Photo: Irven Lewis & Dancer: Kieran StoneleyFusional Fragments
Published Monday 3 September 2012 at 11:16 by Neil Norman

Having been the propulsive heartbeat at the centre of the Olympics opening ceremony, percussionist Evelyn Glennie adds decorative layers of sound to Marc Brew’s action-packed 25-minute dance piece, Fusional Fragments. The bedrock of the work is a series of solos, duets and trios performed with speed, agility and Olympian strength by five gladiatorial dancers against Philip Sheppard’s soundtrack of percussive electronica and vocals that switch from haunting wails to prayer-like mantras. Andy Hamer’s cubes and pyramids of golden light illuminate limbs and torsos in fluid fragments, while javelins of light thrust across the stage wall. In one sequence a man moves with loris-like elegance across a tightrope of light that recalls Michael Hulls’ razor-sharp lighting designs for Russell Maliphant.

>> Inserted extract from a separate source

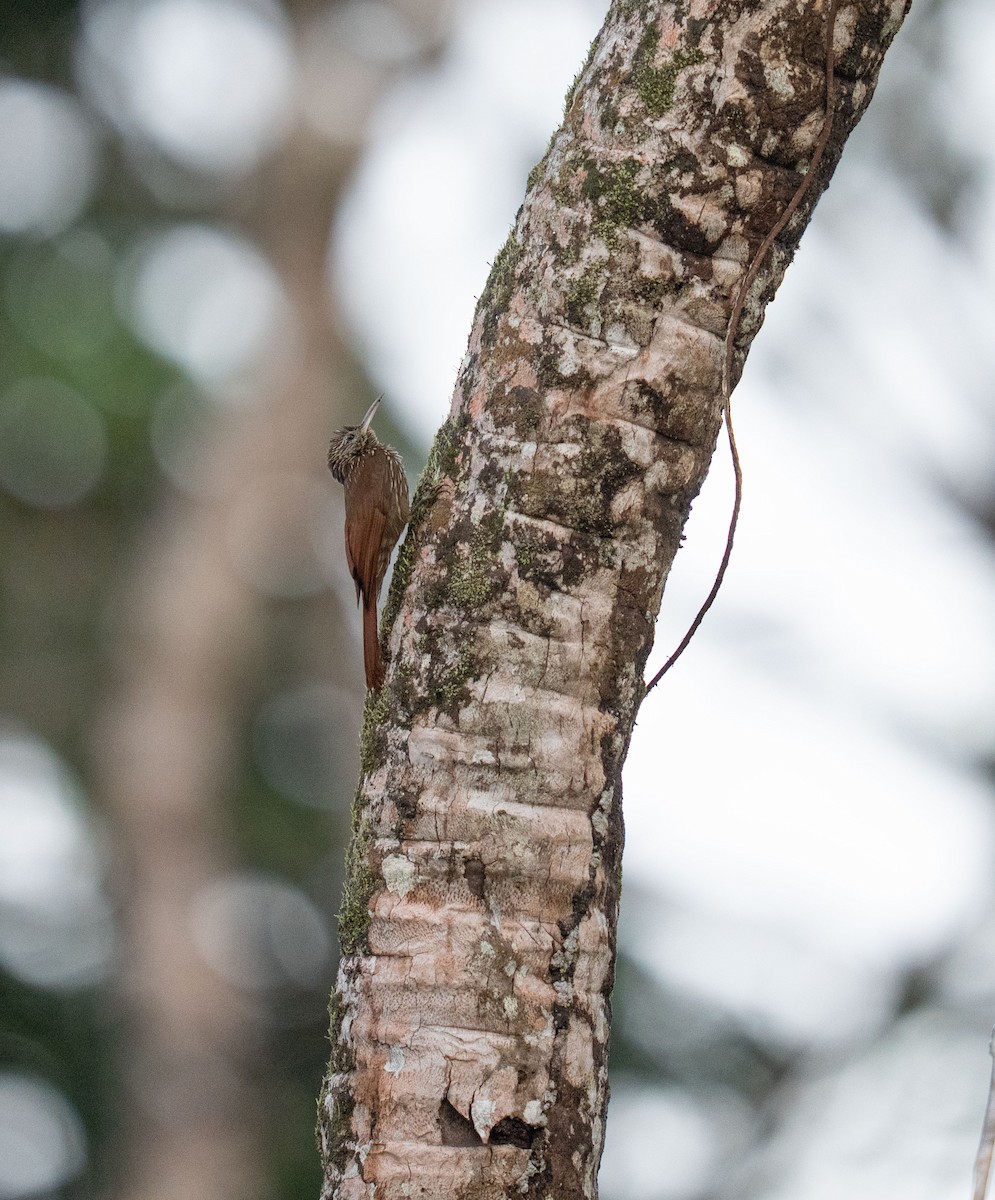 Streak-headed Woodcreeper - ML646736235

And all the while, the extraordinarily charismatic figure of Glennie traverses the stage hammering out thunderous beats from a variety of percussion instruments, or coaxing the softest whispering sounds from steel brushed on metal, temple bells or turning Japanese with the plaintive bongs of a glass bell jar. Interacting with the dancers she resembles a pagan priestess, a sorceress of sound, her long hair waving in physical harmony with the dancers as she circles and weaves around and through them awakening them to life or sonically urging them to push the limits of their physicality to the edge as they extend their limbs and fold their torsos in a fierce drama reminiscent of Wayne McGregor’s best work. Part of the Unlimited project for the 2012 Cutural Olympiad celebrating deaf and disabled artists, this is mesmerising and exciting beyond belief.